Tutte le cause della prostatite

Non solo batteri, ma problemi psicologici, neurologici e immunologici. Potrebbero essere diverse le cause dell’infiammazione della prostata (prostatite), ghiandola a forma di cono che aderisce alla vescica del maschio e che svolge un ruolo primario nella riproduzione. Questa malattia, che non curata può portare anche alla sterilità, non mette a rischio la vita dei pazienti. E forse per questo non è stata oggetto di studi clinici approfonditi. Ma ora nuove ricerche condotte in Europa, negli Stati Uniti e in Asia, ipotizzano che a causare la fastidiosa patologia, che colpisce uomini di età compresa fra i 25 e i 50 anni, possano concorrere molti fattori. Aprendo così nuovi scenari terapeutici, come è stato riportato durante la Scuola Internazionale di Urologia, tenutasi al Centro “Ettore Majorana” di Erice.
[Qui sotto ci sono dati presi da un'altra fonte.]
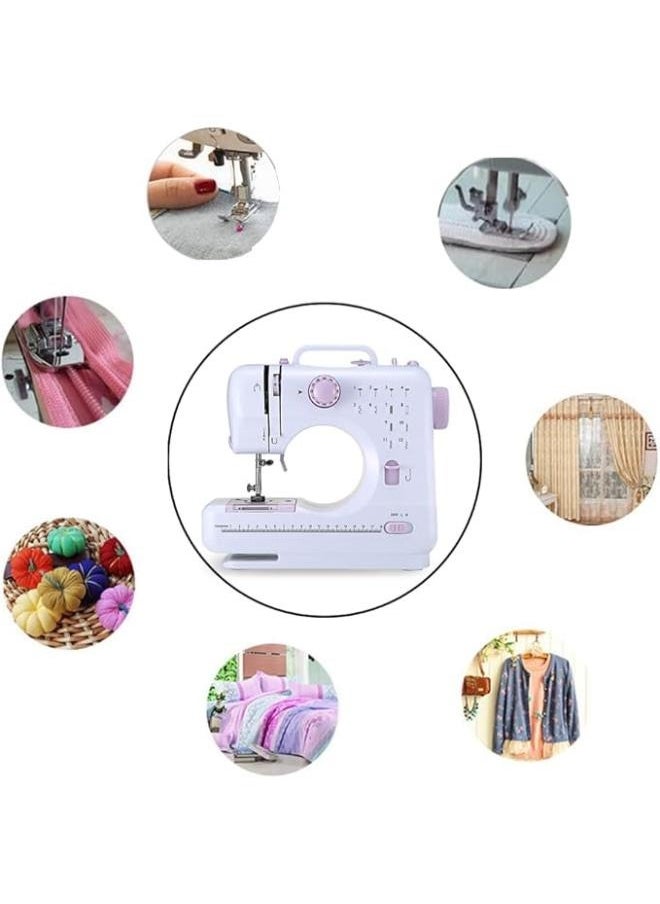 Sewing Machine for Beginners with Built-in LED Light and Foot Pedal 12 Stitches Mini Sewing Machine Including Overlock Singer Pfaff White Purple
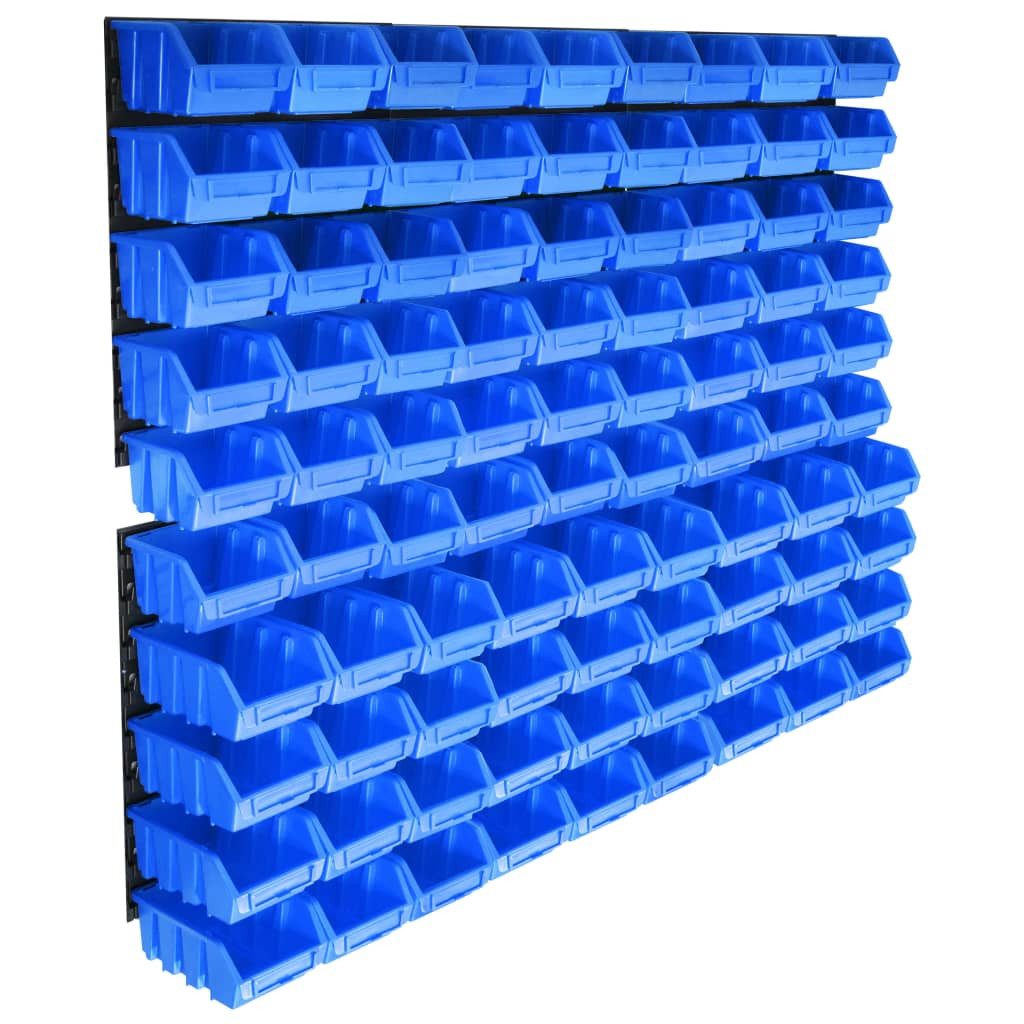 Werkzeugbox 96-tlg. Behälter-Set für Kleinteile mit Wandplatten Blau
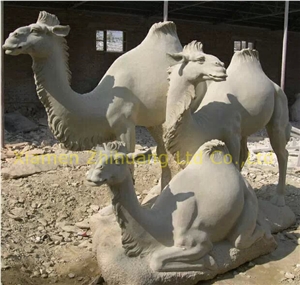 White Vein Marble Camel Sculpture, Animal Sculptures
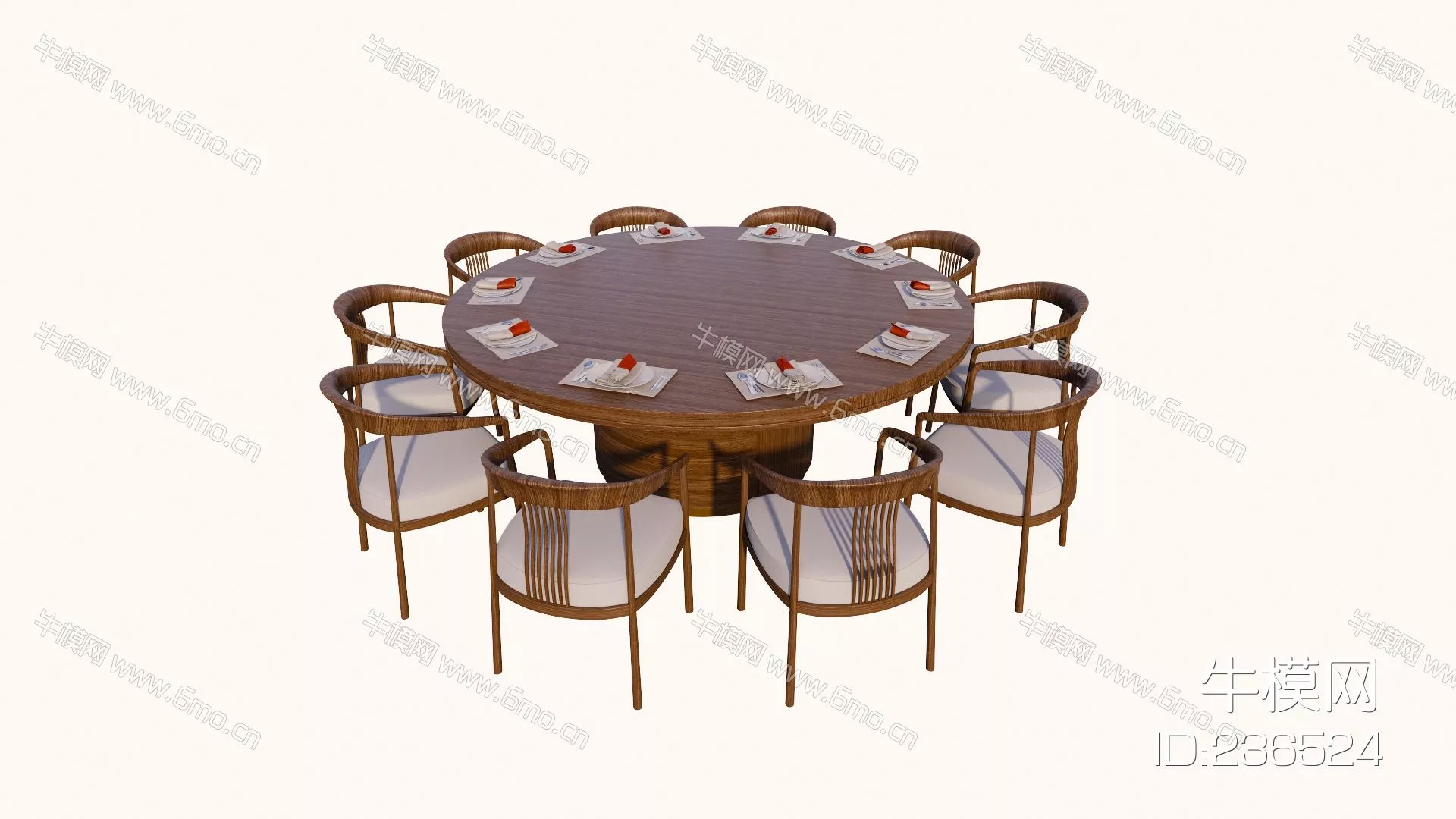 CHINESE DINING TABLE SET - SKETCHUP 3D MODEL - ENSCAPE - 236524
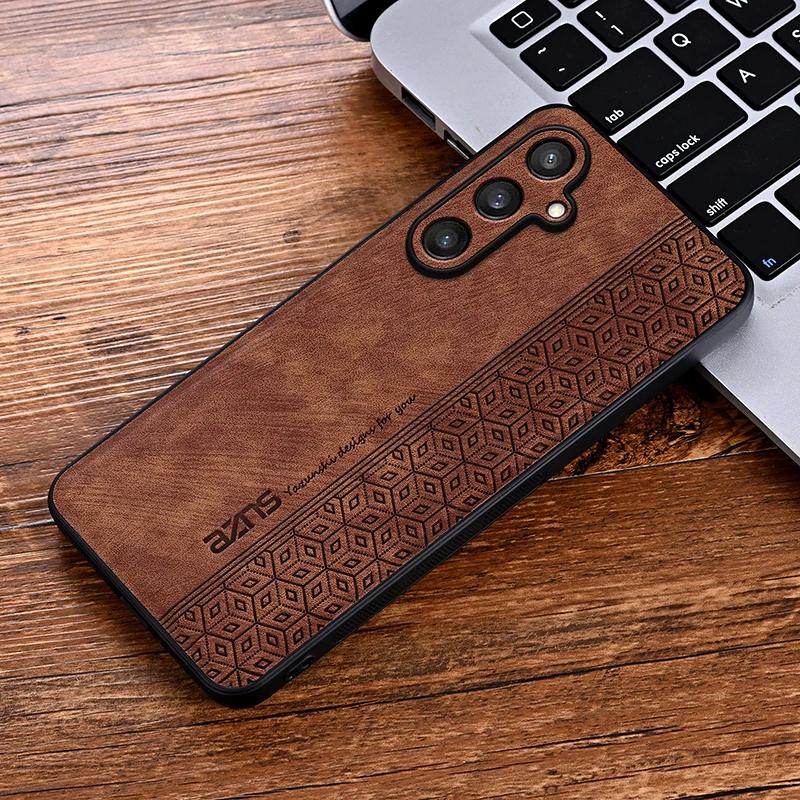 Luxury Soft Leather Business Elite Shockproof CellPhone Cases for Samsung Galaxy M55 Protective Phone Case Protective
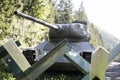 Russian tank (Panzer) lurking on the border between Austria and Slovenia. Royalty Free Stock Photo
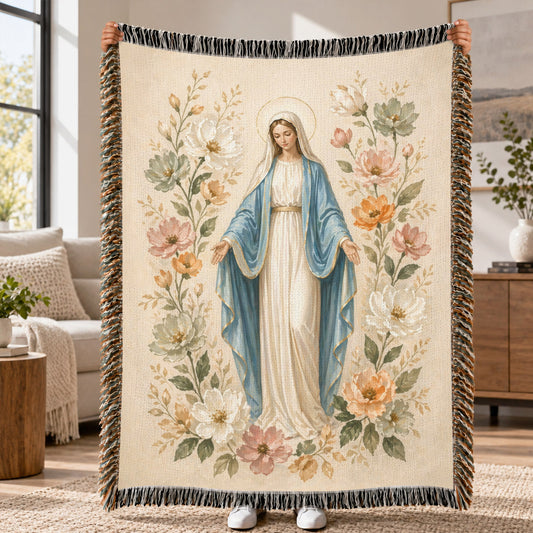 Virgin Mary Floral Woven Blanket – Catholic Christian Faith Throw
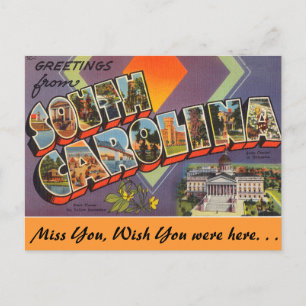 Greetings from Cherry South Carolina Postcard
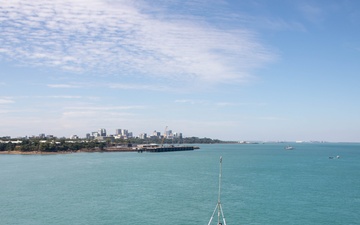 USS Emory S. Land ports at Darwin, Australia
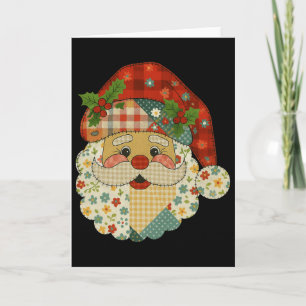Carte Hugvyn Noël Patchwork Père Noël Correspondant Fa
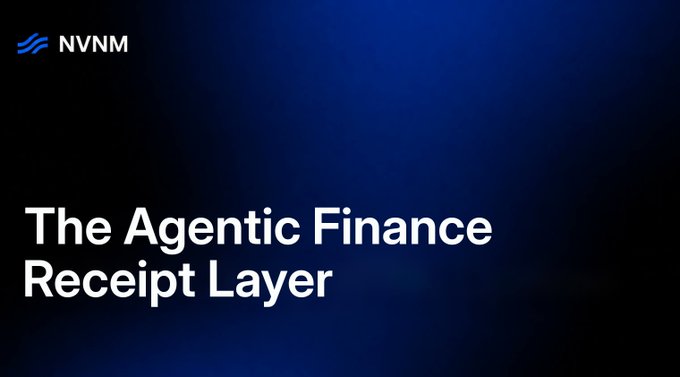 A minimalist dark blue gradient slide featuring the NVNM logo in the top left corner and the white text 'The Agentic Finance Receipt Layer' prominently displayed.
Circa il 25 per cento delle patologie urologiche dell’uomo in età fertile coinvolge anche la prostata. Un numero rilevante se si considerano, fra l’altro, i disturbi che provoca nei soggetti colpiti: stimolo frequente a urinare, bruciore durante la minzione, pesantezza diffusa a livello del bacino (area pelvica e scrotale), a volte dolore durante e dopo l’eiaculazione, sensazione di malessere generale. “Nel 10 per cento dei casi le prostatiti croniche sono da attribuire sicuramente ai batteri”, spiega Michele Pavone Macaluso dell’Università di Palermo. “Nel 90 per cento sfugge invece la causa autentica, anche se si sospetta che possa esserci, in alcuni casi, una presenza batterica difficilmente dimostrabile. Sappiamo inoltre che una percentuale non ben precisata di casi non è da attribuire ai batteri. Pur tuttavia, abbiamo osservato con sperimentazione clinica, che l’uso degli antibiotici riesce, seppur a volte non del tutto, a lenire le sofferenze, almeno per un limitato periodo di tempo”.

Ad accendere il “fuoco” all’interno della ghiandola prostatica, nel 10 per cento dei casi, è la chlamydia, un batterio che ha soppiantato ormai il gonococco come causa di uretriti (infiammazione dell’uretra) sessualmente trasmesse. A illuminare gli urologi sulla possibilità che cause diverse possano concorrere allo scatenarsi della malattia è stata l’osservazione di alcuni pazienti che, pur essendo affetti dalla malattia, non risultavano infettati dal batterio. E ancora che altri malati infettati dal batterio non avevano sviluppato nessuna infiammazione della prostata. Ed è così che alcuni autori hanno ipotizzato un’implicazione di altri fattori. Gli studi in materia, in particolare, sono stati eseguiti da John Kusek e Leroy Nyberg (National Institutes of Health), Martin Ludwig (Institute of Urology Justus-Liebig University Clinic), Curtis Nuckel (Departiment of Urology, Queen’s University) e Bertrand Tombal (Departiment of Urology, Universite’ Catholique de Louvain).”Le evidenze cliniche”, prosegue Pavone Macaluso, “ci consentono di poter affermare che alcune forme di prostatite cronica sono ascrivibili a somatizzazione oppure a disturbi neurologici anche gravi”.

Sul fronte terapeutico la sperimentazione clinica ha aperto nuove speranze. Negli Stati Uniti, per esempio, un gruppo di ricercatori ha ottenuto buoni risultati nella cura dei disturbi provocati dalla prostatite, inoculando, direttamente sulla ghiandola, piccolissime quantità di tossina botulinica (la stessa contenuta nelle conserve alimentari avariate, che può provocare anche la morte). Il dolore nell’area pelvica si attenua perché la tossina riduce le contrazioni muscolari: il 30 per cento della prostata è, infatti, costituito da fibre muscolari che si affiancano a cellule ghiandolari raggruppate in “acini”. Ricercatori delle Filippine hanno invece ottenuto risultati confortanti praticando ai pazienti un massaggio manuale della ghiandola, raggiungibile per via rettale.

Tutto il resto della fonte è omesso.